I am very pleased to be able to share an important update with the Sakai community regarding the ongoing efforts to create a flexible migration path from Sakai 2 to Sakai 3. I have been blogging recently [1] [2] about the development of a new Basic LTI widget for Sakai 3. This effort builds on the existing capabilities [3] of Sakai 3 which allows you to expose entire Sakai 2 sites within the Sakai 3 portal (i.e. with the addition of Sakai 3’s social networking features). The next step in this hybrid evolution was to add the capability to expose individual Sakai 2 tools within Sakai 3 sites. Furthermore, since we were developing this new capability as a Sakai 3 widget, this means that an end user could place multiple Sakai 2 tools onto a single Sakai 3 page (i.e. something not currently possible in Sakai 2). This may sound like a subtle distinction, but as you will see in the embedded video it is an important distinction as it helps to break Sakai 2 tools out of their silos. Instructors can now author pages with custom workflows that may include both Sakai 2 tools and Sakai 3 widgets!

Skip to 12:30 into the video if you want to skip the summary and background…

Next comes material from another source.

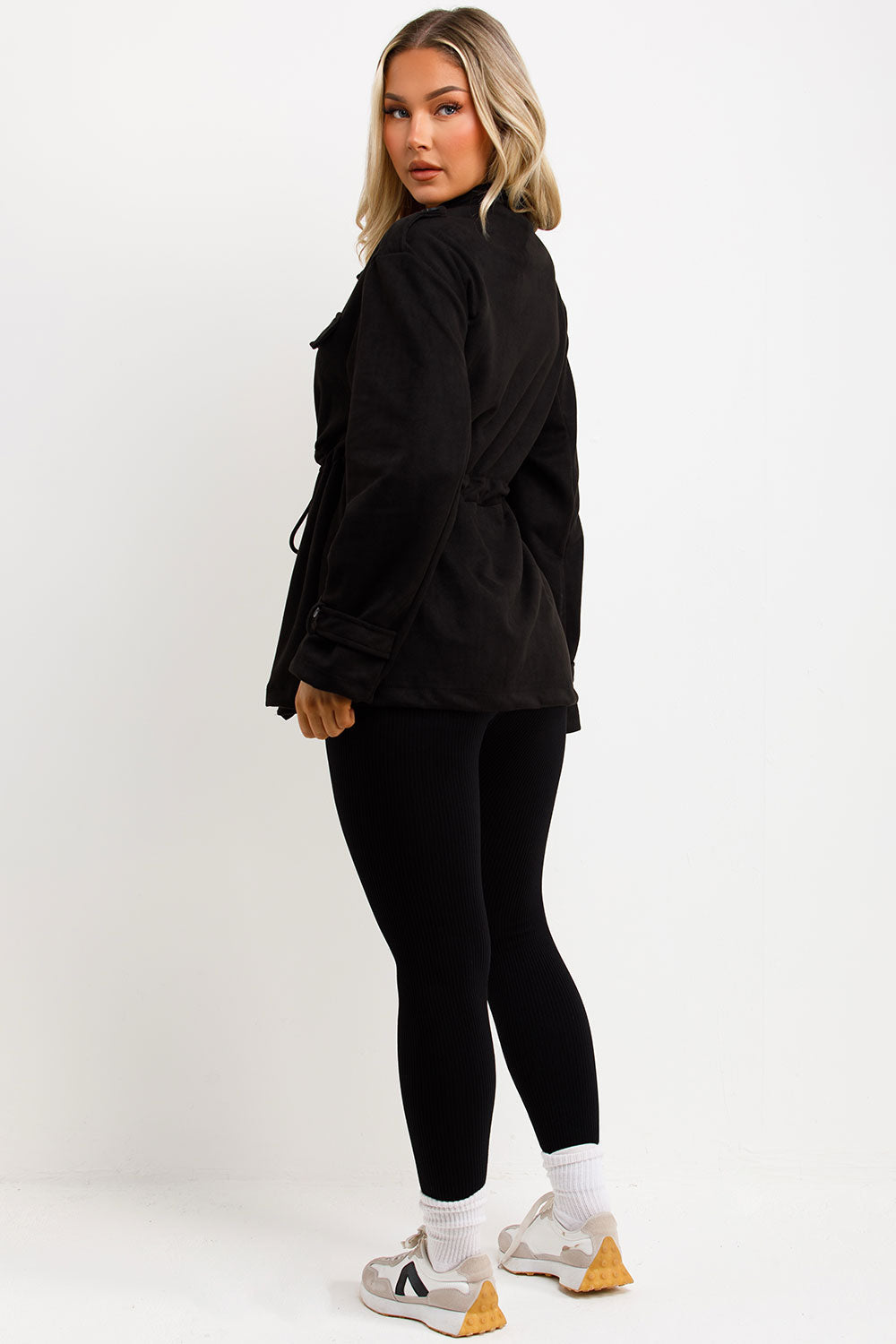 Faux Suede Jacket with Drawstring Waist Black | Xtralitty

So now we are beginning to see a migration path for existing Sakai 2 implementations that looks like:

  1. Sakai 2 for course sites and Sakai 3 for project sites.
    1. Reduced risk deployment as there is no hard dependency on Sakai 3 being available. For example, if Sakai 3 were to go down, users could easily be directed back to the Sakai 2 portal.
    2. Sakai 3 portal may or may not be the default portal (i.e. implementers choice).
  2. Placement of Sakai 2 tools alongside Sakai 3 pages within a Sakai 3 site.
    1. Maintains more of a Sakai 2 user experience while allowing access to Sakai 3 capabilities within a single site.
    2. Provides a nice transition between #1 and #3 for those that find it valuable.
    3. Increases risk as now users are dependent on Sakai 3 remaining available.
  3. Mixing and matching Sakai 2 and Sakai 3 tools all on the same Sakai 3 page within a Sakai 3 site.
    1. Provides the greatest flexibility for course and project site design.
    2. Provides the most “native” Sakai 3 user experience while maintaining access to Sakai 2 functionality.
    3. Custom workflows may be created with both Sakai 2 tools and Sakai 3 widgets (i.e. even if you are just exposing Sakai 2 tools, this capability does not exist in Sakai 2).
    4. Maintains same risk profile as #2.
  4. Implementer’s selection…
    1. You do not need to think of the previous three deployment strategies as mutually exclusive or synchronous.
    2. You can make any or all of these solutions available to select user populations as you see fit at any time – all based on your local goals and comfort levels.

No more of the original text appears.